How to perform accurate FixedPoint Number Calculation in C?

How to perform accurate FixedPoint Number Calculation in C ??

I use the struct in C to store the integer part and the fraction part.

I guess the function is incorrect, maybe didn't handle the overflow properly, but I don't know how to modify it.

The input is like:

3.14123412345 + 0.23
5.6324 - 6.43252
8.112 * 1.31

My outputs is:

3.000000
-1.000000
0.000000

The outputs of my program are completely wrong, the precision of the numbers is lost when stored or calculated.

Here is my code:

#include<stdio.h>
#include<string.h>
#include<math.h>
#define maxn 110000
#define uint unsigned int
#define ull unsigned long long
typedef struct {
    int intgr;
    uint frac;
}PointFixedNum;
PointFixedNum a,b,ans;
char s1[maxn],s2[maxn],op;
double num1=0.0,num2=0.0;
void init(PointFixedNum *a,double num)
{
    a->intgr=(int)num;
    a->frac=(uint)((ull)(num-a->intgr)<<32);
}
void clear()
{
    a.frac=b.frac=ans.frac=0;
    a.frac=b.frac=ans.frac=0;
    num1=0.0;
    num2=0.0;
}
void read()
{
    scanf("%1100[^ ]",s1);
    scanf(" %c",&op);
    scanf("%1100s",s2);
    sscanf(s1,"%lf",&num1);
    sscanf(s2,"%lf",&num2);
}
PointFixedNum add(PointFixedNum a,PointFixedNum b)
{
    PointFixedNum c;
    ull sum=(ull)a.frac+b.frac;
    c.frac=(uint)(sum&((1ULL<<32)-1));
    c.intgr=a.intgr+b.intgr+(int)(sum>>32);
    return c;
}
PointFixedNum sub(PointFixedNum a,PointFixedNum b)
{
    PointFixedNum c;
    ull diff=(ull)a.frac-b.frac;
    c.frac=(uint)(diff&((1ULL<<32)-1));
    c.intgr=a.intgr-b.intgr-(int)(diff>>32);
}
PointFixedNum mul(PointFixedNum a,PointFixedNum b)
{
    PointFixedNum c;
    ull pro1=(ull)a.intgr*b.intgr;
    ull pro2=(ull)a.frac*b.frac;
    ull temp=(ull)((ull)pro1<<32)+(ull)pro2;
    c.intgr=(int)(temp>>32);
    c.frac=(uint)(temp&((1ULL<<32)-1));
}
void print(PointFixedNum a)
{
    double fraction=(double)a.frac/(1ULL<<32);
    double fin=(double)a.intgr+fraction;
    printf("%lf",fin);
}
int main()
{
    read();
    init(&a,num1);
    init(&b,num2);
    if(op=='+')
    {
        ans=add(a,b);
    }
    else if(op=='-')
    {
        ans=sub(a,b);
    }
    else if(op=='*')
    {
        ans=mul(a,b);
    }
    print(ans);
    return 0;
}

Updated:

I fixed some of the bugs in my program based on comments and answers, here is the result:

Inputs

3.14123412345 + 0.23
5.6324 - 6.43252
8.112 * 1.31

Outputs

3.37123412336
-0.80012000003
10.62671999843

So far, the functions of each function have been implemented, at least there should be no logical problem.

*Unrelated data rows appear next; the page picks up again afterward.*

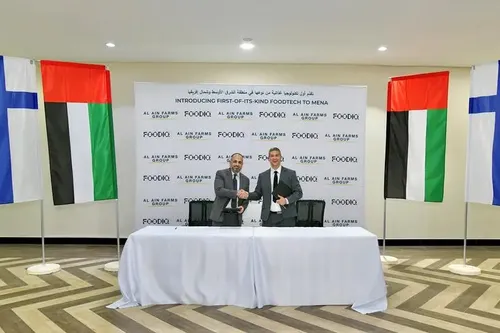 Al Ain Farms and FoodiQ Launch First-of-Its-Kind Food Tech in MENA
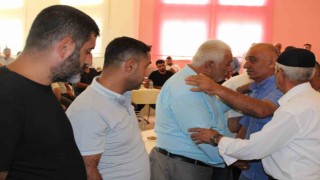 Nazillide 13 yıllık husumet barış yemeği ile sona erdi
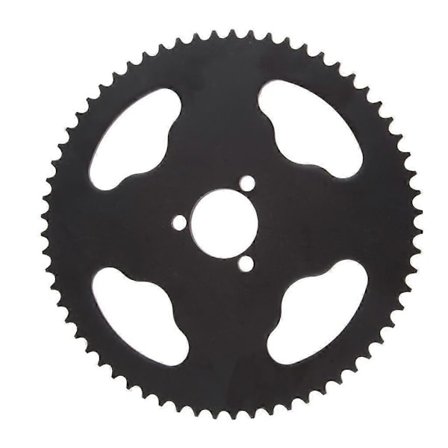 64 tænder bageste T8F kædehjul 43cc 49cc Pocket Quad Dirt Bike ATV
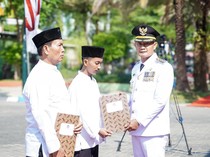 Pemkab Lamongan Serahkan Tali Asih ke Veteran hingga Eks Napiter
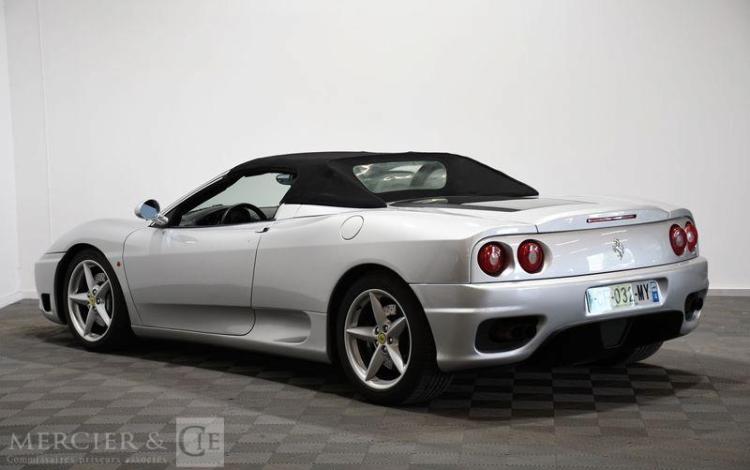 FERRARI FERRARI 360 MODENA SPIDER F1 3,6 400 CV GRIS CF-032-MY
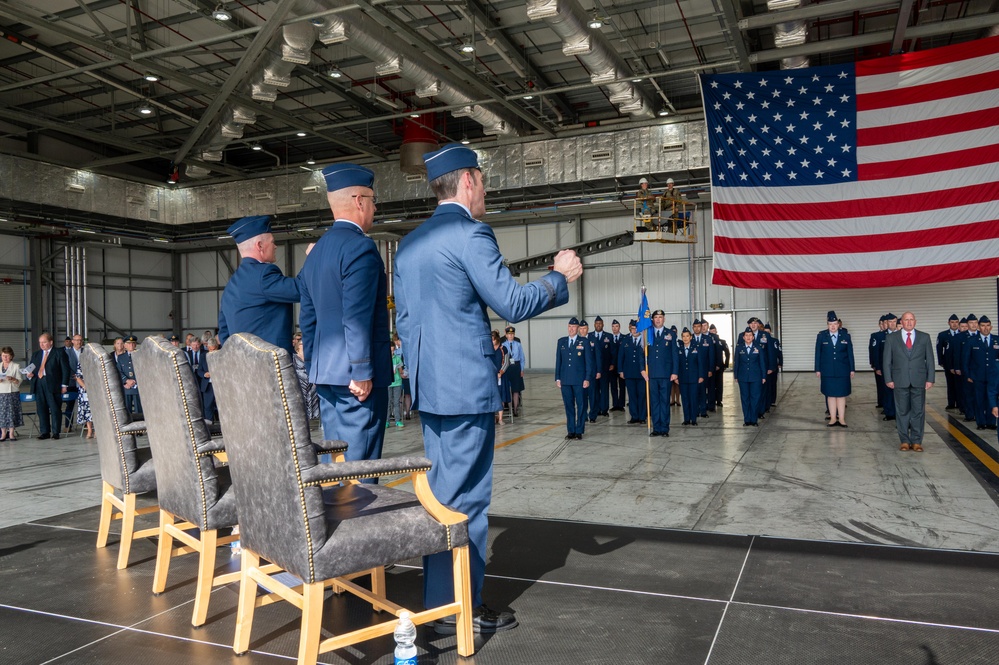 501st Combat Support Wing Change of Command 2025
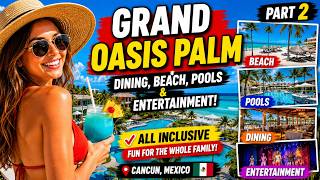Grand Oasis Palm Cancun Review 2026 🇲🇽 | Watch Before You Book!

The only problem now is the precision, the add function will lost the precision after ten decimal places, as well as the sub function.

How to improve precision

Is there any way to improve the precision? Or the loss of precision is inevitable after ten decimal places?

If it is inevitable, since the process of the add and sub only relates to the shortest number, is there a way to keep the changeless part in the output?

for example: 3.14123412345 + 0.23 = 3.37123412345 , the first and second digit after decimal point (3.14) are added to 0.23 , but the 123412345 remained. Is there a way to keep it in the output directly?

About multiply

When the output result has a finite number of bits, the result is quite correct, so is there a way to limit the number of bits in the outputs to the same as the actual result?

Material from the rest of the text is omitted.